Le premier projet de loi avait capoté au Parlement en 2016 principalement en raison de l'interdiction de publicité pour le tabac, voulue par le Conseil fédéral. Dans le projet reformulé, en consultation jusqu'à vendredi, les interdictions de publicité dans les cinémas, par voie d'affiches et dans la presse payante ont été supprimées.

Seuls ont été repris les éléments non contestés, comme l'interdiction de la vente de produits du tabac aux mineurs, l'autorisation des cigarettes électroniques avec nicotine et le tabac à priser snus.

Cela ne suffit pas aux yeux des partis de droite. Sous le couvert de l'interdiction de la publicité ciblée sur les mineurs, le projet veut imposer une interdiction beaucoup plus large, estime le PLR. Le Conseil fédéral doit se contenter d'interdire la publicité qui vise directement et explicitement les mineurs, selon le mandat qui lui a été confié par le Parlement.

"Ingérence de l'Etat"

Pour l'UDC également, l'interdiction de publicité pour le tabac dans les journaux gratuits et sur Internet est totalement contraire à la volonté du Parlement. Le parti se heurte également aux prescriptions imposées aux points de vente, comme l'interdiction de vanter le tabac à moins de 1,20 mètre du sol ou à côté de publicités pour des sucreries. Le parti ne veut pas d'une telle ingérence.

Le PDC estime quant à lui que le nouveau projet répond pour l'essentiel aux demandes du Parlement. Du côté du PVL, on salue le fait que la nouvelle mouture se concentre sur les points critiques, protection des jeunes et cigarette électronique notamment. Le renvoi de la première version a fait "perdre un temps précieux", note le parti.

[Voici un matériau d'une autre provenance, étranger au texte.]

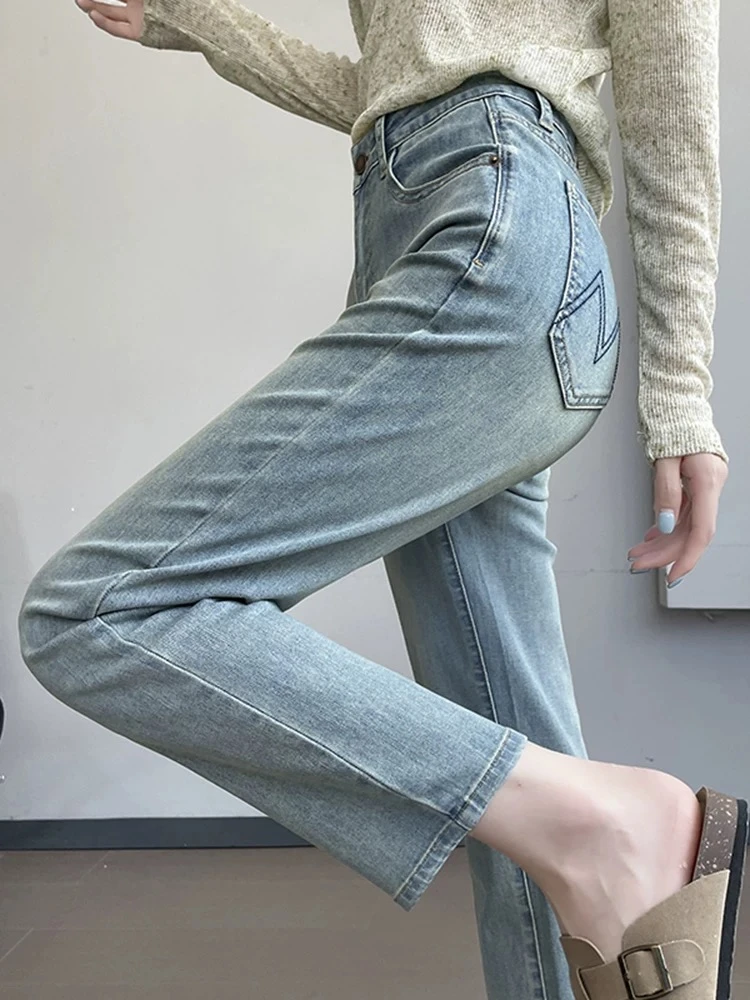 夏季薄款牛仔裤女款爆款2025新款梨型身材弹力女士牛仔裤小个子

Les Verts regrettent "l'extrême prudence" du Conseil fédéral en termes de restrictions de la publicité et du parrainage. Seule une interdiction générale de la publicité pour le tabac peut être véritablement efficace pour protéger les jeunes. Le parrainage de manifestations culturelles et sportives par l'industrie du tabac doit également être interdit.

Refus en bloc

Les milieux de la santé et anti-fumée refusent en bloc la deuxième mouture de la loi: le projet renonce presque totalement à des restrictions publicitaires et à une interdiction du parrainage, constate Santé publique Suisse.

Le Conseil fédéral a cédé à la pression d'une majorité du Parlement, dénonce Addiction Suisse et dans son sillage toute une série d'organisations comme la Ligue pulmonaire, la Ligue contre le cancer, Pro Juventute, la Fondation suisse de cardiologie ou les différents centres d'information cantonaux pour la prévention du tabagisme (Cipret).

Si la volonté du gouvernement se concrétise, les enfants et les adolescents resteront pleinement exposés à un marketing agressif pour le tabac. Addiction Suisse demande donc une interdiction sans faille de la publicité pour le tabac, englobant la presse papier et Internet, y compris les réseaux sociaux, l'affichage, les cinémas et les points de vente ainsi que l’interdiction du parrainage d’évènements publics ou privés.

"Une tromperie"

L'Ecole suisse de santé publique (SSPH+), pôle suisse de coordination en matière de formation en santé publique, prend exceptionnellement position sur le projet, fait-elle savoir.

Selon elle, ainsi que pour les Académies suisses des sciences, divers instituts universitaires, centres hospitaliers et associations de médecins, le texte proposé est une "véritable tromperie", qui vise uniquement à protéger l'industrie du tabac et les secteurs commerciaux, sans considération pour l'intérêt public.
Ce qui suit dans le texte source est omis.